Summer wine and its marketing
In our wine business I had responsibility for marketing which took various forms: the wine estates and sometimes even the region would do their marketing, we were conscious of our own image as a prestigious St James wine merchant specialsing in vintage Clarets and Port but the aspect I found most variable and interesting was how taste and popularity could change.
Readers may know that Prosecco now outsells Champagne possibly the cleverest marketed region of all. As we move into summer, rose wines increase in popularity.
Two estates that have been cleverly marketed are Merival, a wine estate in Provence owned by actor Brad Pitt, and Whispering Angel.
In fact you can pick up from Majestic Wines for £4 cheaper a Chateau Minuty, a superb Provençal rose.
In Sussex Bolney Estate offer an equally delicious fragrant rose but because they cannot produce in volume this is priced at £12.
One rose wine you no longer see but you would 50 years ago is Mateus Rose in its distinctive rounded bottle.
White wines are also popular chilled as the temperature rises.
This I will cover in anothèr post but in terms of taste Sauvignon Blanc have caught the more oakey Chardonnay. Once a Sauvignon could be more green and immature than fresh but is at its best as in Cloudy Bay a top range wine.

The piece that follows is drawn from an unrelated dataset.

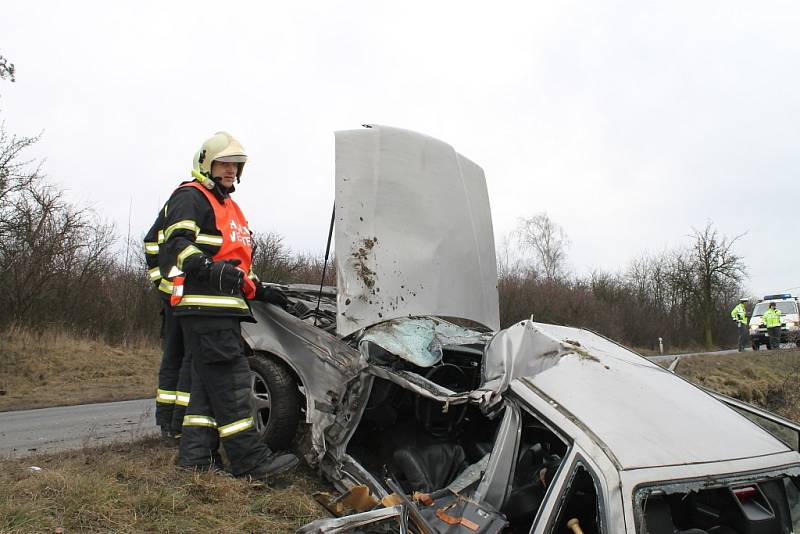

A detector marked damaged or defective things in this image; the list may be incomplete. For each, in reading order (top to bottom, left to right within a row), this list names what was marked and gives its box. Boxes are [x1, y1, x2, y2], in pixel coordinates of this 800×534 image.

Here the Southern Hemisphere – New Zealand, Australia and South Africa – have successfully marketed Sauvignon Blanc whereas France and Spain have lagged behind.
A region like the Loire which produces Sancerre, Chablis and Vouvrays do not produce a Sauvignon Blanc to rival Cloudy Bay.
The most marketed of brands are not wines but spirits.
Gin has been on the up and, whereas once it was Gordons or Beefeaters, now you have a full range of local gin and Hendricks, much more expensive than its peers but delicious with a slice of cucumber and Fevertree tonic.
I really admire Fevertree, not least as I hold their shares, for appreciating that as gin soared in popularity the public would want a less Sakharin mixer and soon British Airways, upmarket bars and supermarkets were stocking it.
Conversely vermouths were once the subject of glamorous advertising but as this declined, so did their popularity. Lorraine Chase became more famous than Campari and I’m old enough to remember Ted Dexter extolling the virtues of Noilly Prat. Constraints in tv advertising prevent say David Beckham ever being linked with an alcoholic beverage.
There is always the X factor in public taste which no amount of expertise and marketing can shape. Factors come into account like price, position on the shelves, display of wines, stocking by particular and favoured supermarket and word of mouth. These are in my view far more important than any wine critic and if the quaffer likes a mass produced blush rose for £4.99, who am I to criticise?